Why this looks like a typical Bitcoin cycle
When you combine these signals, the current environment looks very familiar:
• ETF and newer investors are selling after buying high and seeing sharp drawdowns.
• More than half of the supply is at an unrealized loss, a classic bottom indicator.
• Price is gravitating toward long-term metrics like the 200-week moving average and miner production costs.
This is the phase where speculation gets flushed out, “paper hands” exit, and long-term holders (often called “diamond hands”) gradually increase their positions at lower prices. Their goal is to bring down their average cost basis ahead of the next major uptrend.
The bigger macro and crypto trends haven’t gone away
While prices are correcting, the core long-term drivers for Bitcoin and crypto remain in place:
• Monetary policy and debasement: Governments and central banks continue to print money and run loose fiscal policies over time, which keeps the narrative of scarce digital assets alive.
• Regulation and clarity: New laws and frameworks (such as tokenization initiatives and clarity-focused legislation) are slowly giving institutions more confidence to participate in the space.
• Infrastructure growth: Mining operations, custody solutions, and capital markets around Bitcoin are far more mature than in past cycles, even if prices are temporarily down.
Short-term, attention may be elsewhere—AI, space tech, or other hot sectors—but market cycles rotate. Crypto tends to come back into focus once the next narrative or macro shift hits.

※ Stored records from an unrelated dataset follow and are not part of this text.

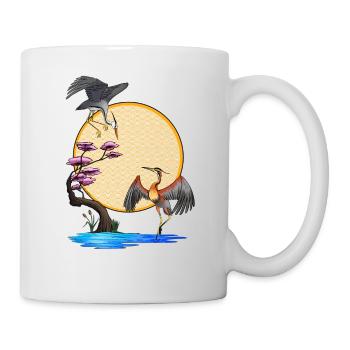 Reiher - Japan - Sonne - Eleganz - Tasse - Weiß - Rechts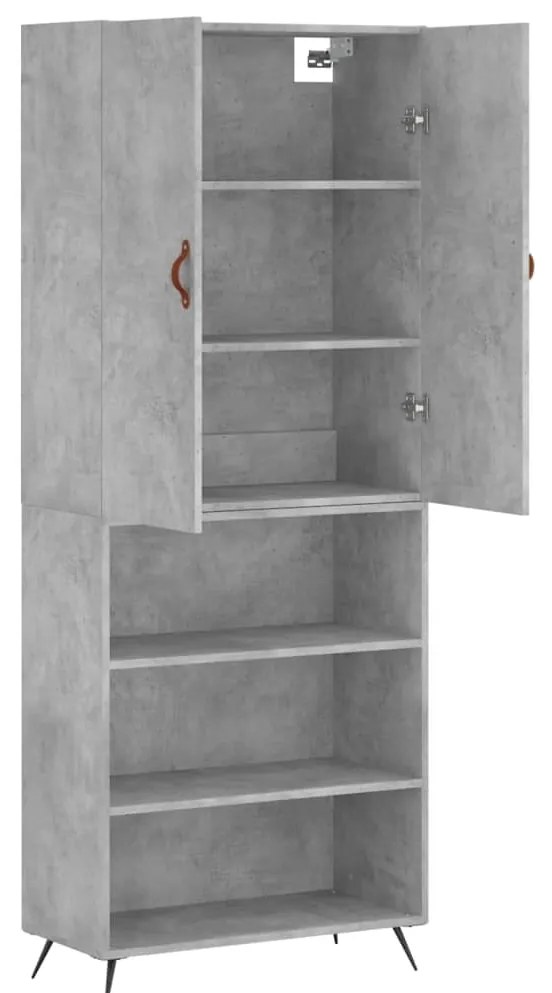 vidaXL Ντουλάπι Γκρι Σκυροδέματος 69,5x34x180 εκ. Επεξεργασμένο Ξύλο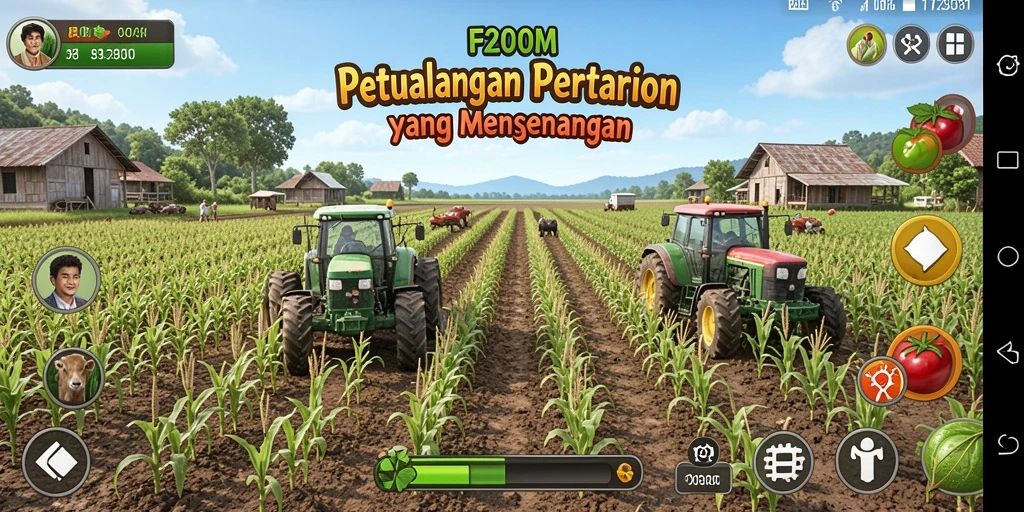 Tangkapan layar F200M menampilkan pengalaman bertani yang seru dan menarik.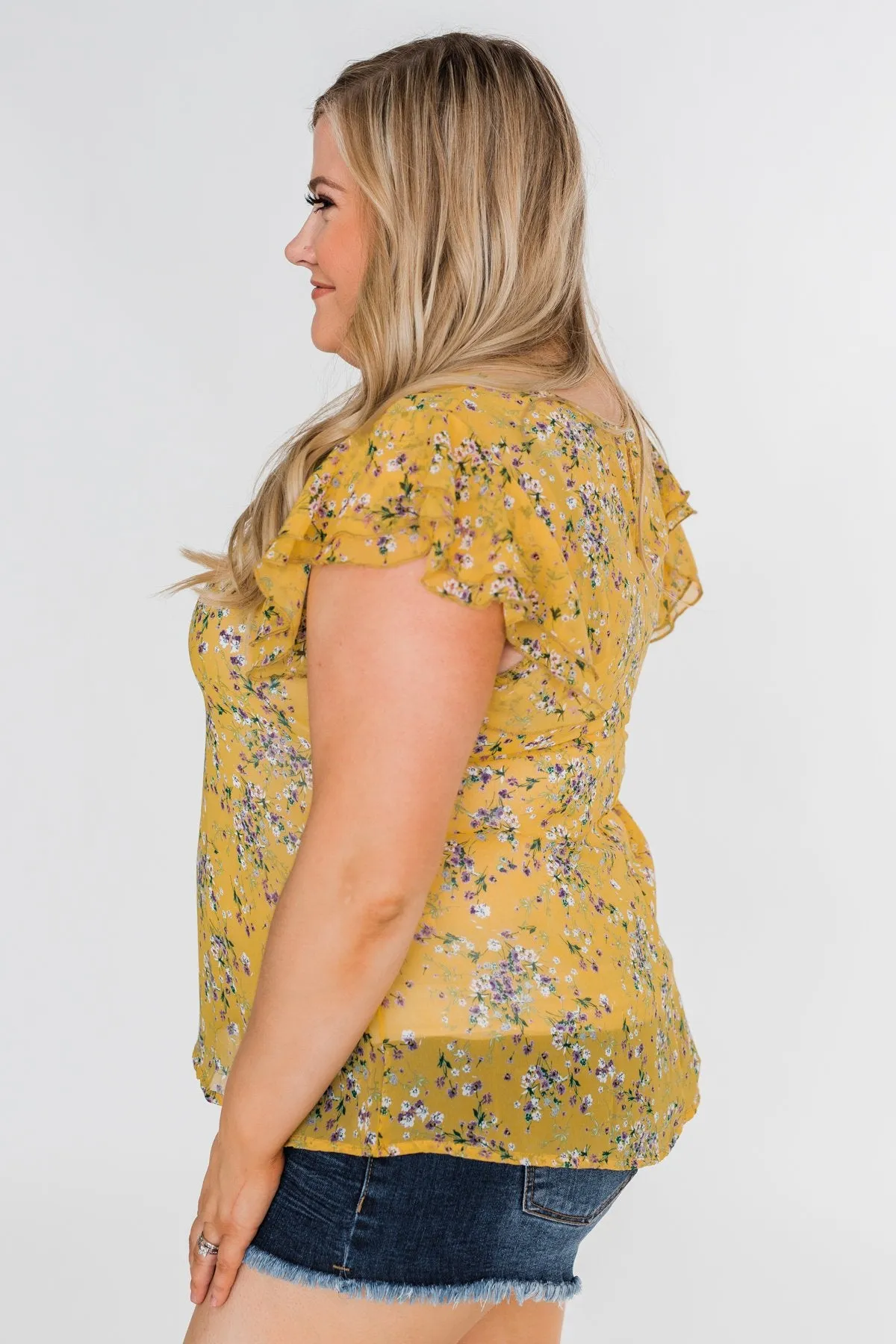 In Perfect Harmony Floral Ruffle Sleeve Top- Yellow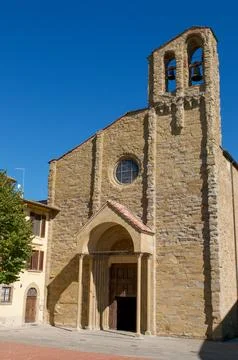 View of Basilica San Domenico on the Square San Domenico in Arezzo, Tuscany Stock-Fotos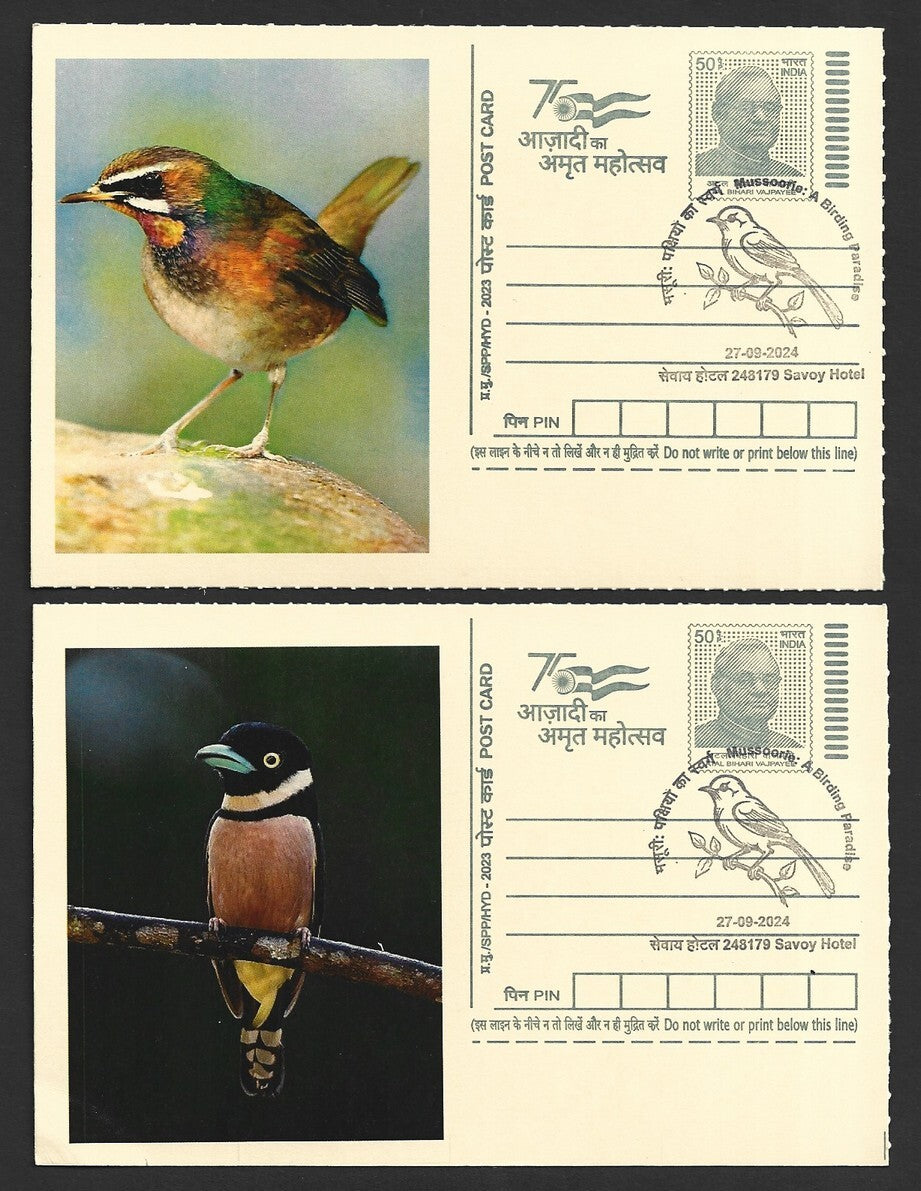 India 2024 Birding Paradise Savoy Hotel postmark cards MULTICOLORED BIRDS (8)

What this means for long-term holders
None of this is a guarantee about where price will go next. Bitcoin could still dip into the high $50,000s or even lower if macro conditions worsen or another shock hits the market. However, from a historical and on-chain perspective, current conditions look more like a late-stage bear or early accumulation phase than a terminal decline.
For patient investors, these quieter, fearful periods have often been where the best long-term entries appear. When most people are bored, apathetic, or scared out of the market, disciplined accumulation has historically paid off—provided your thesis on Bitcoin and crypto’s long-term role hasn’t changed.
As always, do your own research, size positions responsibly, and be prepared for volatility. But if history is any guide, the combination of heavy ETF outflows, widespread unrealized losses, and proximity to long-term cost and trend metrics may be signaling that this “not good” moment is exactly where many past Bitcoin bottoms have quietly formed.